I’ve already thanked numerous people for their assistance during the research, writing, editing, and revision of these articles. But I must repeat an appreciation to the Interlibrary Loan staff at Pepperdine Library and the staff at the archives of the Catholic University of America. Remarkably, the USCC documents were deposited, processed, and made available to researchers only two months before my first visit to the American Catholic History Research Center at Catholic University of America. Talk about good timing. The website didn’t yet list the boxes but the terrific staff sent me a list even without me asking.
The completion of my dissertation closed the first phase of my life as an academic researcher. The publication of these articles concludes another phase, one that carried some anxiety but, for the most part, joy and delight. The outcome is of course important, but the journey is more important for me. I loved the dissertation journey (except for the fact that I took too long to complete). I’ve loved the tenure-track journey (which, as if I made amends for the dissertation journey, I chose the five- instead of six-year track). Anyway, onward to the third phase!
The new phase should include further research about the Catholic refugees and Catholicism in South Vietnam, which figures on the pages of these articles. Indeed, my research over this past summer was evenly divided between pre-1975 Vietnamese Catholicism and post-1975 Catholic refugees. For it isn’t possible to grasp the experience among the refugees without being versed enough about the history of Catholicism in South Vietnam. All the same, I’d like to revisit a couple of other proposed topics named in the pre-tenure review during the third phase. We shall see.
For tenure-track faculty, it’s clear from my experience that one ought to follow the recommendation of your dean and the RTP committee. There is something to be said about their collective wisdom. The window between pre-tenure and tenure reviews isn’t large and one must be very strategic on using it. The recommendations following the pre-tenure review only help one determine the strategy.

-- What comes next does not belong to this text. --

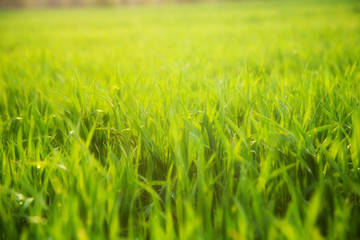 green grass background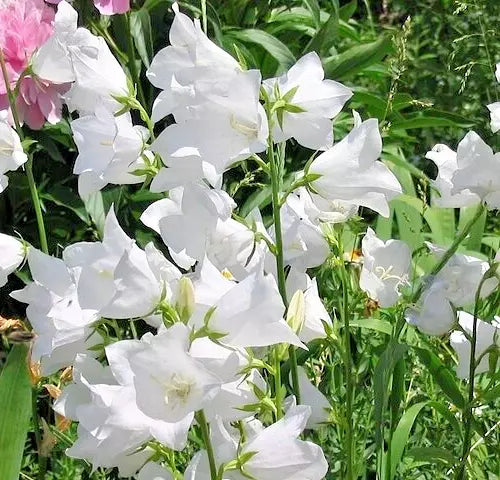 White Peach Leaf Bellflower Seeds, Campanula persicifolia, Large Flowers, Perennial Garden Seeds, Butterfly & Hummingbird Attracting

Moreover, be grateful for editors and referees who are prompt in reviewing your works, even when the outcome is negative. This point, of course, applies to other academics as well, not merely tenure-track faculty. Promptness and professionalism help everyone. In my case, the prompt reviews and decision from the Europe-based journal sure helped me re-chart the road map well and fruitfully. It led me to a new and apt direction that utilizes my scholarly skills in the best way possible, and even sharpens my calling as a historian.